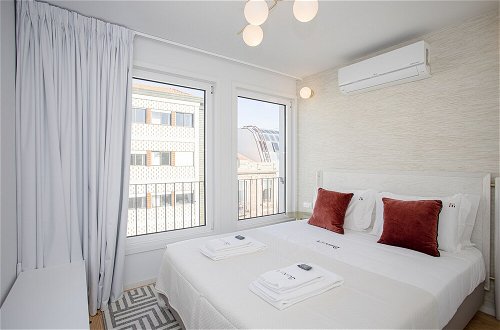 Foto 1 - Liiiving-Modern & Glam Rooftop Apartment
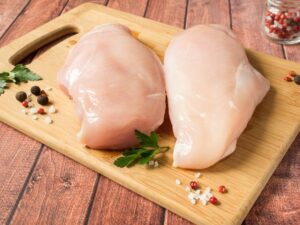 The CDC Delivers The Final Verdict on Whether or Not to Wash Your Chicken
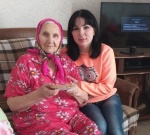 Ленинград сражался и жил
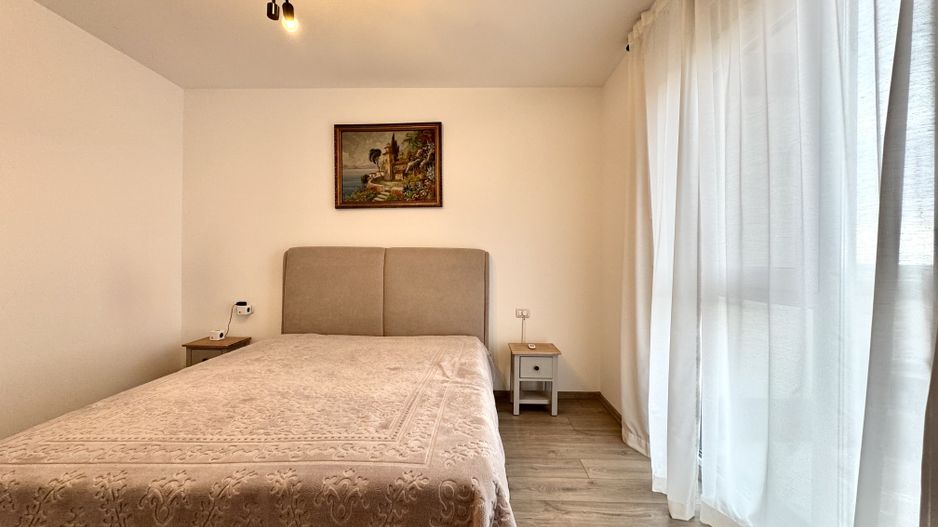 Apartament elegant 3 camere | Zona Olimpia – Stadion | Garaj| - Poză 21
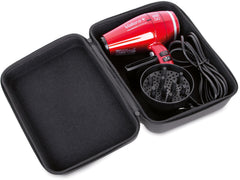 Valera Schwarzes Deluxe Etui für Haartrockner
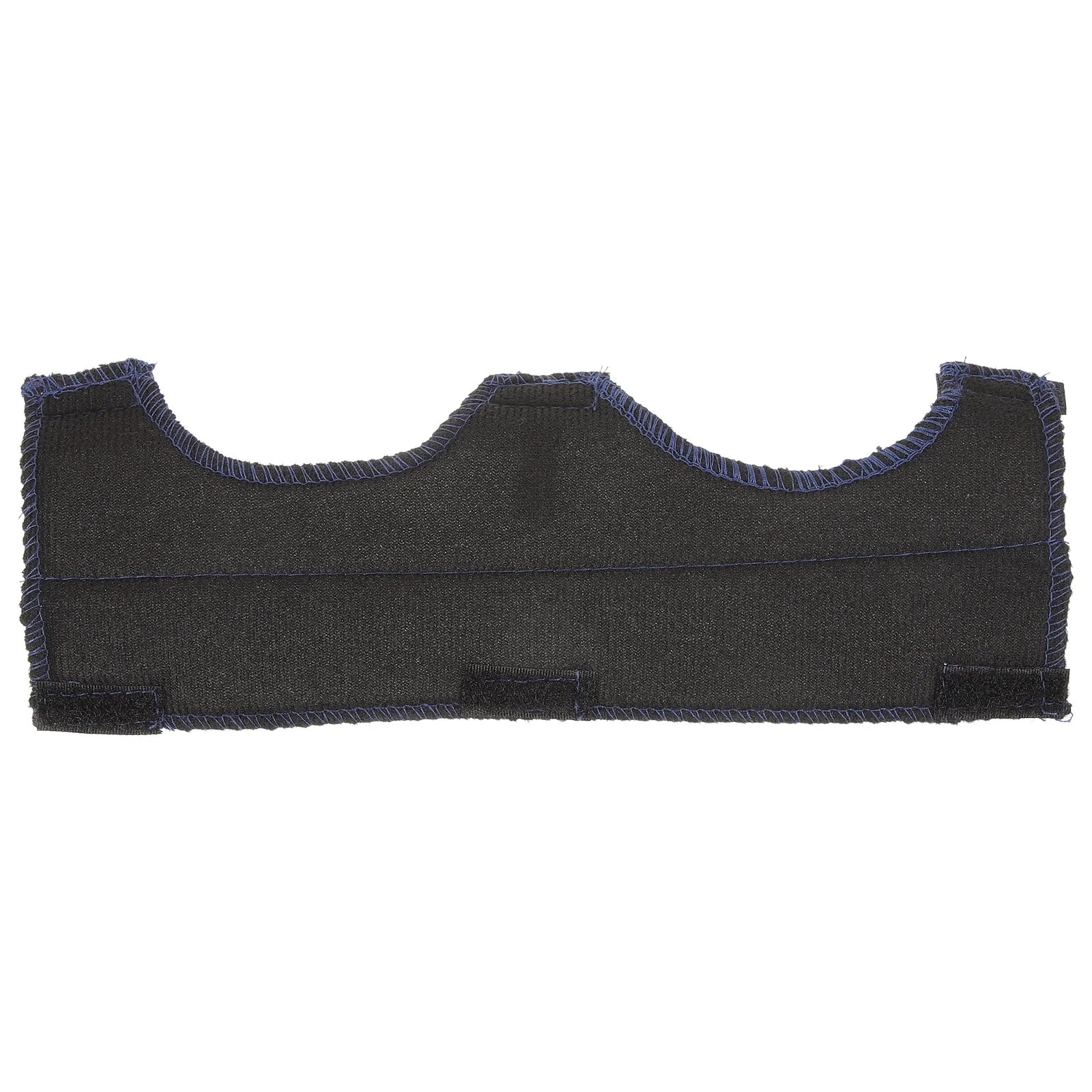 

LALAFINA Sweat Absorbent Pad Breathable Liner for Cycling Comfortable Fit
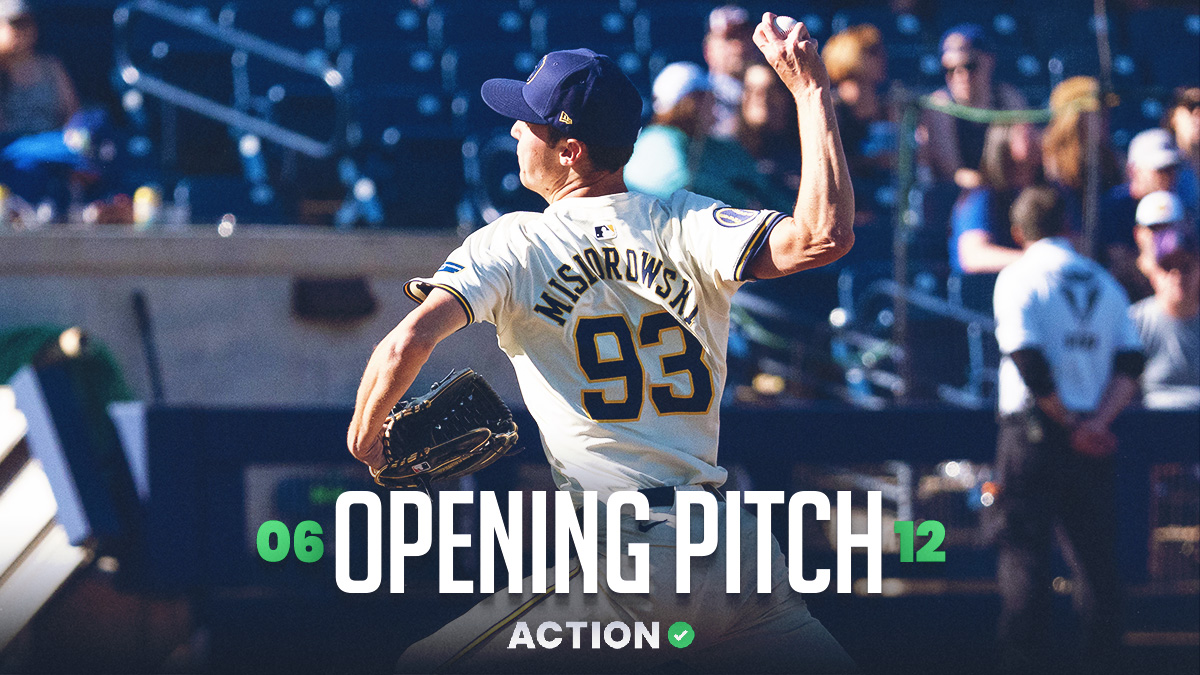 MLB Predictions Thursday, Expert Picks, Projections for June 12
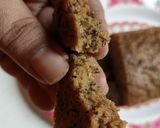 Foto langkah ke 15 dari resep 29. 🍌Banana Steam Cake🍌 (Bolu Kukus Pisang) No Mixer, No Oven.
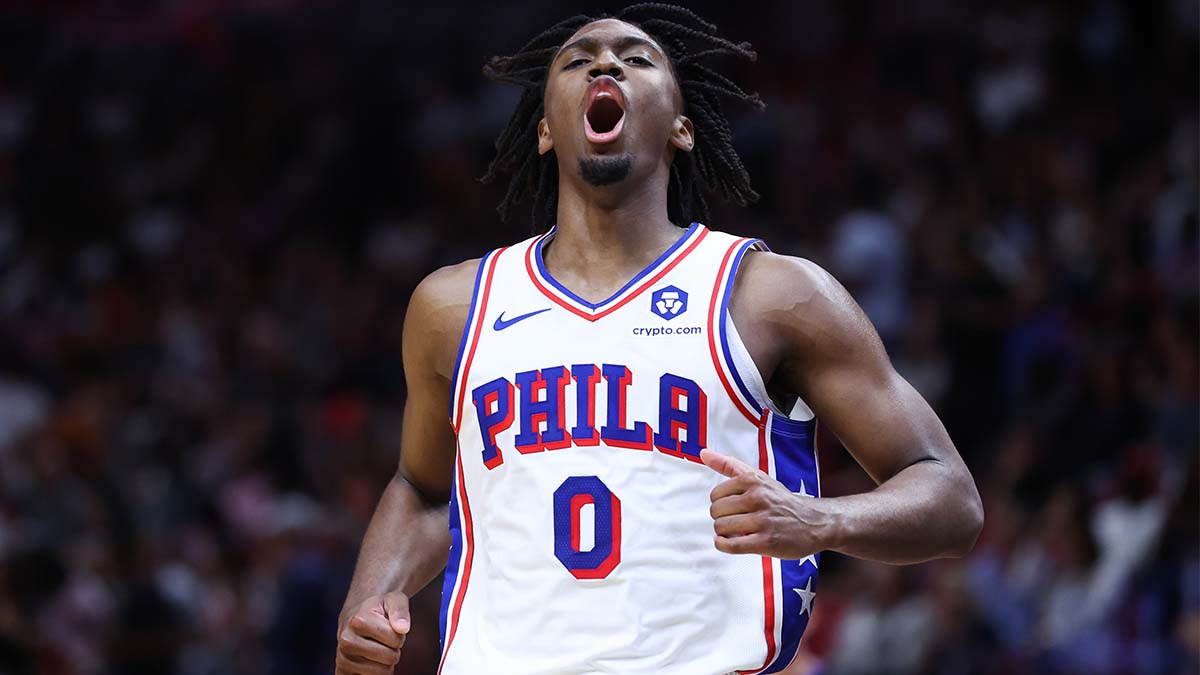 Heat vs. 76ers Play-In Odds: Sixers Open as Favorites Image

Work to complete:
Return the lines above from the one with "The CDC Delivers" through the one with "Valera Schwarzes Deluxe", verbatim and nothing else. Omit every picture.

Expected answer:
 The CDC Delivers The Final Verdict on Whether or Not to Wash Your Chicken
 Ленинград сражался и жил
 Apartament elegant 3 camere | Zona Olimpia – Stadion | Garaj| - Poză 21
 Valera Schwarzes Deluxe Etui für Haartrockner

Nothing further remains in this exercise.